Yavaşça uzattığım elim soğuk metali can çekişircesine kavradığında aşağıya doğru hafifçe baskı uyguluyorum. Buna bile halim yok. Gecenin kaçı emin değilim. Sokak lambasının hafifçe aydınlattığı salonda yatan ve iki büklüm olmuş Jaehyun'u buluyor gözlerim. Üzerindeki ince örtüye sıkı sıkı sarınmış uyumaya çalışıyor. Simsiyah saçları dağılmış, her bir tutamında yapraklarını kapatmış güller dinleniyor. Her bir tanesi bambaşka bir hikayeyi anlatıyor. İfadesiz yüzü tuhaf hissettiriyor, içimde bir yerlere dokunuveriyor. Ellerini hemen yüzünün altında birleştirmiş. Ve o sıra gözüme ne kadar hoş gözüktüğünden başka bir şey geçmiyor aklımdan. Kesinlikle çok yakışıklı Jaehyun. Bir o kadar düşünceli. Fakat onunla evli olma fikrine hala alışabilmiş değilim. Bu bir anda alışıp kabullenebileceğim bir şey değil.
Yavaşça yere oturduğumda yüzüne yaklaşmış onu izlemeye başlamıştım. O an sahiden neden onunla evlendiğimi hatırlamak istedim. Tüm anılarımızı tekrar bilmeyi,ona yeniden aşık olabilmeyi istedim.
Jaehyun'u tanımıyordum ben. Neleri sevdiğini, bakışlarının altında yatanları bilmiyordum. Bu süreç benim için zordu bunun farkındaydım. Ancak uyandığım günden beri bir deri bir kemik kalmış hem kızımın hem benim hemde işinin arasında koşuşturmaktan başka bir şey yapmamış onun içinde bir o kadar zordu her şey.
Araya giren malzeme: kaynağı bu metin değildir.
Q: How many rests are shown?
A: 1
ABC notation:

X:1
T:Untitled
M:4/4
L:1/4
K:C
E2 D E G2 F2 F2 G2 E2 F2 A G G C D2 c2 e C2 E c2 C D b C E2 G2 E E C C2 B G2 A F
Gözlerimin dolduğunu hissettim o an. Bir daha eskisi gibi olup olamayacağımızdan emin değildim. Ancak benden istediği şansı ona defalarca verebilirdim."Doyoung.." Uykulu sesiyle mırıldadığında dalmış gözlerimi ona çıkarmış, şaşkın uykulu yüzüne bakmıştım. Çökmüş gözleri yorgunluğunu öne sermeye çalışıyordu sanki. Yattığı yerde toparlanırken ona gülümsemeye çalıştım.
"Bir sorun mu var?" Karanlığa alışmış gözlerim endişeye bürünmüş bembeyaz yüzünü çok rahatlıkla seçebiliyordu. Elleri yavaşça yüzüme yerleştiğinde bakışlarım onun gözleriyle buluştu. Az önceki uykulu halinin zerresi kalmamış yerini endişe ve korkuya bürünmüş bir ifadeye bırakmıştı.
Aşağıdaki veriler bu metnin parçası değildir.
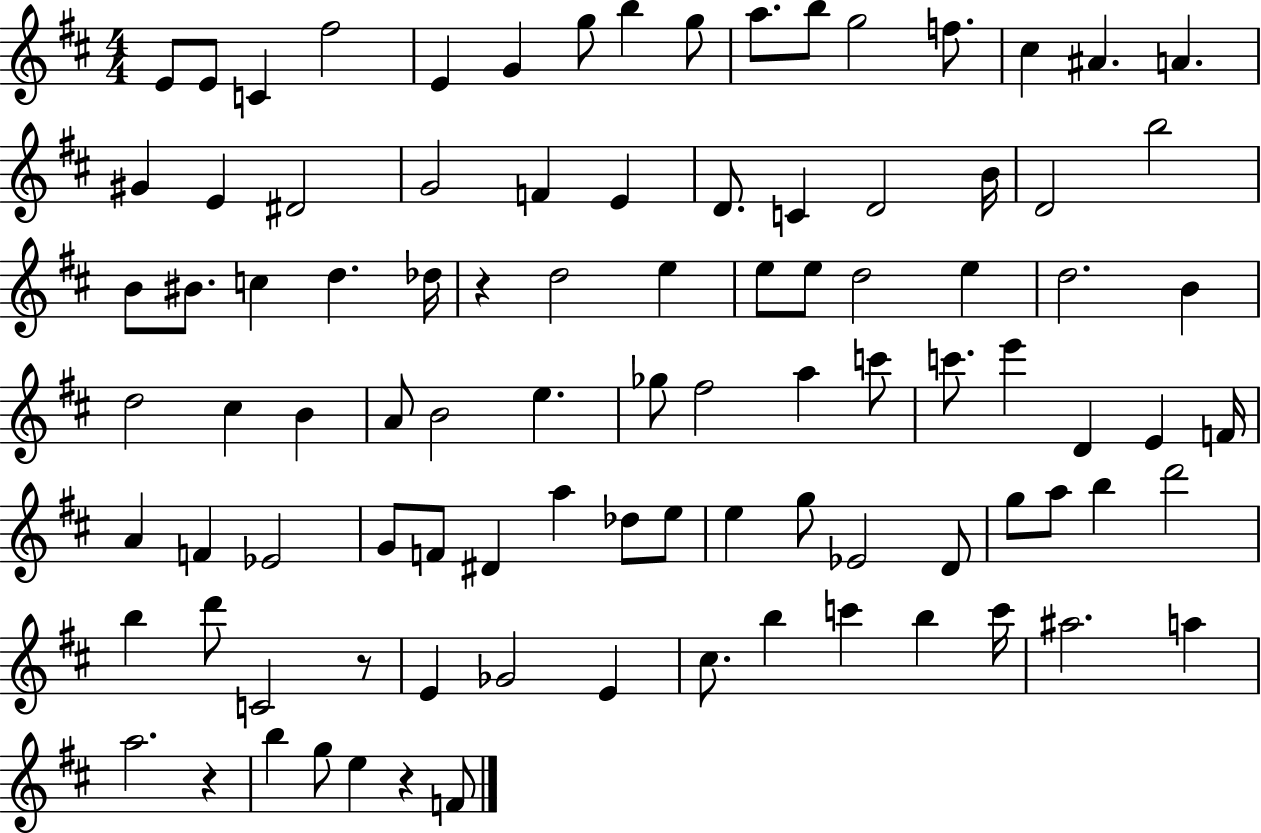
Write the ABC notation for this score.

X:1
T:Untitled
M:4/4
L:1/4
K:D
E/2 E/2 C ^f2 E G g/2 b g/2 a/2 b/2 g2 f/2 ^c ^A A ^G E ^D2 G2 F E D/2 C D2 B/4 D2 b2 B/2 ^B/2 c d _d/4 z d2 e e/2 e/2 d2 e d2 B d2 ^c B A/2 B2 e _g/2 ^f2 a c'/2 c'/2 e' D E F/4 A F _E2 G/2 F/2 ^D a _d/2 e/2 e g/2 _E2 D/2 g/2 a/2 b d'2 b d'/2 C2 z/2 E _G2 E ^c/2 b c' b c'/4 ^a2 a a2 z b g/2 e z F/2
"Yerine neden yatmıyorsun Jaehyun? Hasta olacaksın burda." Eve geldiğimden beri ya Arin'in yanında yatıyor ya da sabaha kadar çalışıp burda sabahlıyordu. Derin bir nefes verdiğinde yüzümdeki ellerini indirmiş kendi yüzünü kapatmıştı. Az önceki canımın acısını nerdeyse unutmuş sadece onun yapacaklarını izlemeye devam etmiştim. Konuşacak gibi oldu birkaç kez, daha sonra sustu. Bu benim kalbimi binlerce parçaya ayırıverdi.